Di Aceh, ada banyak naskah-naskah klasik yang menyalin kitab-kitab maulid Nabi dengan bermacam bentuk dan ukuran, dari kitab yang disakralkan hingga naskah yang digunakan
sehari-hari, mulai dari bahasa Melayu (Indonesia) hingga bahasa Aceh. Naskah tersebut disusun dalam bentuk bait yang enak dibaca dan didengar.
Ada beragam
jenis kesenian Islam di Aceh yang mengacu pada kitab-kitab klasik maupun
tradisi di masa lalu, namun seiring berjalannya waktu, keberadaannya hilang di
telan zaman. Eksistensi kesenian tradisi tersebut biasanya terhenti oleh karena
tidak adanya para pelestari, kondisi yang tidak memungkinkan untuk
melestarikannya, serta susahnya tradisi tersebut diadaptasi dalam realitas yang
terus berubah-ubah di masyarakat. Salah satu jenis tradisi islam Aceh yang
masih tetap dilestarikan adalah Dike
Situek (Zikir dengan Pelepah pinang). Jenis kesenian ini berkembang di Aceh
Timur, tepatnya di Kecamatan Julok. Molod
menjadi momentum, tempat di mana dike
situek ditampilkan. Situek (pelepah pinang) adalah instrumen yang digunakan untuk melengkapi
pertunjukan dike situek. Komposisi situek yang telah dibentuk seperti kipas
tersebut disusun dua sampai empat, atau beberapa lapis, sesuai dengan variasi suara yang diinginkan. Situek yang dipegang dengan tangan kiri
ini kemudian dipukul-pukul menggunakan telapak tangan
kanan untuk mengeluarkan bunyi situek yang indah dan meriah.

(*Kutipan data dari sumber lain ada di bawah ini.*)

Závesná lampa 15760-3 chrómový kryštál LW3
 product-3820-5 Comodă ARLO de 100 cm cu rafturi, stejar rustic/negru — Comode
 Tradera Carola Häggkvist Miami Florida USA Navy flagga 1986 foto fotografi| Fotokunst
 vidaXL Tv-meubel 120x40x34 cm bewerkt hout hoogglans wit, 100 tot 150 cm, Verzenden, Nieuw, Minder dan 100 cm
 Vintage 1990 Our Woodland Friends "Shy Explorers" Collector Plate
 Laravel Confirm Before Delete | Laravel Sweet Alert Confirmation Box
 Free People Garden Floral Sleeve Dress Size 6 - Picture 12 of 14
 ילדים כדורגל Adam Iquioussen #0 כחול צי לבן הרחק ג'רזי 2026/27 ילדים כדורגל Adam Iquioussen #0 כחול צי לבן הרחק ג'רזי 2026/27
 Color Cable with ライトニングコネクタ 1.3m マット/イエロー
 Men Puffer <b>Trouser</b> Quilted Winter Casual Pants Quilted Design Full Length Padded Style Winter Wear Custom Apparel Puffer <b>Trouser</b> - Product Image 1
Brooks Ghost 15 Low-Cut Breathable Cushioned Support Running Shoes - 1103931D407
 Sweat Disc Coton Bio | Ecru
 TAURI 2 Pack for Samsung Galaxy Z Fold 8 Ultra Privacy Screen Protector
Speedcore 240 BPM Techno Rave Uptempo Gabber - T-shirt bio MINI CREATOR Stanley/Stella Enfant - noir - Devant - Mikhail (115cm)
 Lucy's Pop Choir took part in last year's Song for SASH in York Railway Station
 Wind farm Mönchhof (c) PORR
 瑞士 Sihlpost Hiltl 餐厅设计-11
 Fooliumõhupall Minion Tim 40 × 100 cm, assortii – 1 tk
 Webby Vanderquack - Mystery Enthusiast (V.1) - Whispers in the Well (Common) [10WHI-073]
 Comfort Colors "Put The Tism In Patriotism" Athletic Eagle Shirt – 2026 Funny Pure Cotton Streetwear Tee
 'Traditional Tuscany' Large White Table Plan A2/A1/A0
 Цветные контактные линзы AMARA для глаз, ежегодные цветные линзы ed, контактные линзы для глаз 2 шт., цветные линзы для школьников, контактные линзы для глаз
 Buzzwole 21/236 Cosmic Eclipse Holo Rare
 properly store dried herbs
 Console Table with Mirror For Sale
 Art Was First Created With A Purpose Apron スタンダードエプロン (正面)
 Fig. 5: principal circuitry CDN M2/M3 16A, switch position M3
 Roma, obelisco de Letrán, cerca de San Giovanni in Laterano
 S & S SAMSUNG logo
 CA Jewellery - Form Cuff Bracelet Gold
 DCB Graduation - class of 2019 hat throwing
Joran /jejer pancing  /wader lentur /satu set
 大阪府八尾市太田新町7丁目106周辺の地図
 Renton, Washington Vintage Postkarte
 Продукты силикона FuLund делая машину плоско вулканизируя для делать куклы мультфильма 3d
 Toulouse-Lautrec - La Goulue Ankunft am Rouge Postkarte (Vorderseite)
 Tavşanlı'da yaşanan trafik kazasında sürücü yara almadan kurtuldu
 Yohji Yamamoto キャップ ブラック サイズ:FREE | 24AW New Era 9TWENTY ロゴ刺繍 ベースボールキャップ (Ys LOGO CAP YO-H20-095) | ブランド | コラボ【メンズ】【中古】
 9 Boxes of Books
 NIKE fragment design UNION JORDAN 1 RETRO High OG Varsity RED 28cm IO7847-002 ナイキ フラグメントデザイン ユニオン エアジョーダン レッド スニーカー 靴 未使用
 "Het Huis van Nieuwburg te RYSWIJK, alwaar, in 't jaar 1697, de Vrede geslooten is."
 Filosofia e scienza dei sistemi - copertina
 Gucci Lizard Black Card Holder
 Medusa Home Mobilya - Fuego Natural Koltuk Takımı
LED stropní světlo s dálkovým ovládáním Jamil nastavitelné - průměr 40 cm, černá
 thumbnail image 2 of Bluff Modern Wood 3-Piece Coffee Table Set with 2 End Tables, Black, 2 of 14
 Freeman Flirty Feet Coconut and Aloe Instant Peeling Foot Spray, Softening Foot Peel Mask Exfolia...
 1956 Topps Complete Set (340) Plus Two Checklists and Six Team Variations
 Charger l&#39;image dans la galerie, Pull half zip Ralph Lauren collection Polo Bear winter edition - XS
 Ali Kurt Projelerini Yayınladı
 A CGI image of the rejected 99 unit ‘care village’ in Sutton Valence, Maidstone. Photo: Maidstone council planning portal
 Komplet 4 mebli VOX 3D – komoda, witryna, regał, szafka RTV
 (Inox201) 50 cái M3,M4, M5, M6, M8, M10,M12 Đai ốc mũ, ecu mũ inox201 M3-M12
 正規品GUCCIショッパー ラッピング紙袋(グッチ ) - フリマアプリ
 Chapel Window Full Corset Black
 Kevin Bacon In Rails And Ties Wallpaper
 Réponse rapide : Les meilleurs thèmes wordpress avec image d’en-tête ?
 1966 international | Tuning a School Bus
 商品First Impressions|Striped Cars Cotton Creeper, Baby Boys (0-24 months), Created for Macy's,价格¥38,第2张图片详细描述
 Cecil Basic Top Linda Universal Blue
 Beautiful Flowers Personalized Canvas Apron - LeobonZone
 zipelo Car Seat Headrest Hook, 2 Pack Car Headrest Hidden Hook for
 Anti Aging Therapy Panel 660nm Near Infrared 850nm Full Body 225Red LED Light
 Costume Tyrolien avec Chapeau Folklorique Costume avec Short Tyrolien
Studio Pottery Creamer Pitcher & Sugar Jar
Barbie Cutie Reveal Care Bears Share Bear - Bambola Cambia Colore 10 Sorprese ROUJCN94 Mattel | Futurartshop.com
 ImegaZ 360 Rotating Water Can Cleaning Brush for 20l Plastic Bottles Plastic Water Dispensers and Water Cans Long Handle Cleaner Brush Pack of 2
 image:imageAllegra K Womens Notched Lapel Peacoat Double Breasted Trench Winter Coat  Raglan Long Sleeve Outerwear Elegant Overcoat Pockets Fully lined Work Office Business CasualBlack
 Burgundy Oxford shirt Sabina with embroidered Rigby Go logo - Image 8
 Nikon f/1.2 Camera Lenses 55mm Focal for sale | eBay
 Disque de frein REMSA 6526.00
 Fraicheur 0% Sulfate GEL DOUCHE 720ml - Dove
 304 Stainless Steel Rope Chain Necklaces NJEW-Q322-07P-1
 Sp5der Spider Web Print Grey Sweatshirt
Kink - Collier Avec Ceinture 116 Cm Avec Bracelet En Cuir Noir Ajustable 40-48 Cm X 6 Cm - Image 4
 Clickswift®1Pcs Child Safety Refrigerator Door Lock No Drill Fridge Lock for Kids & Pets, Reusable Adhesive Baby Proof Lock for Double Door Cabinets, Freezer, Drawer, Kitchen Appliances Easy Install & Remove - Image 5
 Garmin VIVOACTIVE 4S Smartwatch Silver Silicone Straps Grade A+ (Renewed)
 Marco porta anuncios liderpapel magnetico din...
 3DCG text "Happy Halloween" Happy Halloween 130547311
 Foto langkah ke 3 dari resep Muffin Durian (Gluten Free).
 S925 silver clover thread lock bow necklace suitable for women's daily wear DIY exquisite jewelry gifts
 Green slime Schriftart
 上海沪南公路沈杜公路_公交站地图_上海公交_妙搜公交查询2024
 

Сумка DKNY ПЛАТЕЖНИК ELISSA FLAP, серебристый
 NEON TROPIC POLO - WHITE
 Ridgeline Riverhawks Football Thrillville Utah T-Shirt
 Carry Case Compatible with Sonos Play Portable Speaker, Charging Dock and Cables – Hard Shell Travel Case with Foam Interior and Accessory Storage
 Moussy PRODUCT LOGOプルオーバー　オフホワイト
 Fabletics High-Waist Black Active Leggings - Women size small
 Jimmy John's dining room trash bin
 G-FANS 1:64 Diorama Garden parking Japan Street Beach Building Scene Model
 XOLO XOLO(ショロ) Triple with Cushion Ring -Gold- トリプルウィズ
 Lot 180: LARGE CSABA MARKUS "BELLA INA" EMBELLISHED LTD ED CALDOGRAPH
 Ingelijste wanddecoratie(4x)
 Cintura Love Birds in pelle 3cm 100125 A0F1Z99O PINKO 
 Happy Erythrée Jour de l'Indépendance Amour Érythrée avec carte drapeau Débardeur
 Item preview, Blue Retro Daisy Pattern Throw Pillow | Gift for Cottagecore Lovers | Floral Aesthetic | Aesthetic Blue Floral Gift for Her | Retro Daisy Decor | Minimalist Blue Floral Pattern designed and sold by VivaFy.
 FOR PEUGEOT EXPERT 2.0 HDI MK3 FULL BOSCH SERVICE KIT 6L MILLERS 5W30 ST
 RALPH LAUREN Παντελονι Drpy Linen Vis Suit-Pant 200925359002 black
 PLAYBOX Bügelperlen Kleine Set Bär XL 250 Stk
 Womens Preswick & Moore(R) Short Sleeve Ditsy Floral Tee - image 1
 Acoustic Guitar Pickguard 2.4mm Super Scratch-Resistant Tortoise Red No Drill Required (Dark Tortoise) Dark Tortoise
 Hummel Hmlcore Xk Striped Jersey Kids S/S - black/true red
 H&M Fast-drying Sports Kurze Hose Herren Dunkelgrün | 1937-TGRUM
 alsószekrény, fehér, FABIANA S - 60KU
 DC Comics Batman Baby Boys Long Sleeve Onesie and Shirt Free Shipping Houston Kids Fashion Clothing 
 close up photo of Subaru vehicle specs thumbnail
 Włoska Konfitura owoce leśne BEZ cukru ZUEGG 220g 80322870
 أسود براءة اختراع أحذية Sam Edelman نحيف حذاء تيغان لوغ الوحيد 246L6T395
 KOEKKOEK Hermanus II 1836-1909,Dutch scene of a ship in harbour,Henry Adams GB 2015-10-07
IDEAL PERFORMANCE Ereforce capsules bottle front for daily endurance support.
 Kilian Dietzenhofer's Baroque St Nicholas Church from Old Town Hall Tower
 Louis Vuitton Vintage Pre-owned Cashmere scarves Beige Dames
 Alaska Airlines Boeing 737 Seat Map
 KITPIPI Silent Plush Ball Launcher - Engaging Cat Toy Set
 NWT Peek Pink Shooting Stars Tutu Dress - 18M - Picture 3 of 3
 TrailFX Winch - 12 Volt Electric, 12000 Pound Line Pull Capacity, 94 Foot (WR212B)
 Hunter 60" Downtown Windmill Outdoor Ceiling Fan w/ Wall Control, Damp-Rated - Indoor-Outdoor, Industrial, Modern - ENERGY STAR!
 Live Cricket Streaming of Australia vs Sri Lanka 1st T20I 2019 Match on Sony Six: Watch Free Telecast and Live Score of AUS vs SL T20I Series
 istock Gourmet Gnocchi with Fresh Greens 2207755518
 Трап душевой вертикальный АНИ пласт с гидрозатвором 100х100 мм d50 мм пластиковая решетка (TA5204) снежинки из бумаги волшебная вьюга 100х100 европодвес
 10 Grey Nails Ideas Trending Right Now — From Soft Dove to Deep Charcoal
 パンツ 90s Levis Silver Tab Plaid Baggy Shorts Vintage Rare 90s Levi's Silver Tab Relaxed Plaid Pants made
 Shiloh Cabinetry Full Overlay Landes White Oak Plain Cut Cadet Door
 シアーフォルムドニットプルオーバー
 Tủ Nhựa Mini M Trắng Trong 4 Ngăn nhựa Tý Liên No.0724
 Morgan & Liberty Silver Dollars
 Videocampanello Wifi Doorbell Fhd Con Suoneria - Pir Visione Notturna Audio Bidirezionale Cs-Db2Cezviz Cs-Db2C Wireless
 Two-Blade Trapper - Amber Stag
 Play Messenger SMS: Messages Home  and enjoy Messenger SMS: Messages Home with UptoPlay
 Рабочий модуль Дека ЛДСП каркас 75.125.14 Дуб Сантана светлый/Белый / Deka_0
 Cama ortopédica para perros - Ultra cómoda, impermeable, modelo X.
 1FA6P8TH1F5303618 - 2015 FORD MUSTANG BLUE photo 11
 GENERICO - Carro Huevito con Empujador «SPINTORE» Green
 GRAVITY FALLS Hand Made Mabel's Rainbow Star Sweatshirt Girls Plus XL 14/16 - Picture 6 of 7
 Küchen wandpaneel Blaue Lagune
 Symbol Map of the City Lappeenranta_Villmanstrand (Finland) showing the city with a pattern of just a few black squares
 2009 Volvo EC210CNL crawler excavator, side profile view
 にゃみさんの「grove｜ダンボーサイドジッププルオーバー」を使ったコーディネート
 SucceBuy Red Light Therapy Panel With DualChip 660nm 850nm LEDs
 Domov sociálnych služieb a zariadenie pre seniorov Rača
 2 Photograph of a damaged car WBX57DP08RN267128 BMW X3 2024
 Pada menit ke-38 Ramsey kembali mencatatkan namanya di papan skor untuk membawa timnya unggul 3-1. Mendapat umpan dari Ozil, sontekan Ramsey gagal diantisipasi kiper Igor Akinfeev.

Menurut Tgk.Abdurrahman, M.Pd, salah seorang tokoh gampong Labuhan Kecamatan
Julok, keberadaan kesenian dike situek dulunya hampir terdapat di semua
gampong di kecamatan julok. Namun dewasa ini, hanya tinggal beberapa gampong yang masih melestarikan kesenian ini. Gampong tersebut antara lain adalah Gampong Labuhan, Julok Cut, dan Julok Tunong. Adanya pendapat dari tokoh agama di gampong yang
mengkategorikan bahwa dike situek
mengandung ria adalah faktor yang sangat mempengaruhi terhadap punahnya dike situek. “sebenarnya
sejarah awal dike situek adalah memang digunakan sebagai
media untuk memotivasi para pemuda agar memeriahkan
perayaan maulid, karena dengan adanya dike situek, para pemuda
termotivasi untuk mau ke meunasah (surau) atau meuseujid (mesjid)” ungkap Tgk.Abdurrahman, M.Pd, menjelaskan proses terjadinya dike
situek, agar media dakwah ini dapat tetap dilestarikan.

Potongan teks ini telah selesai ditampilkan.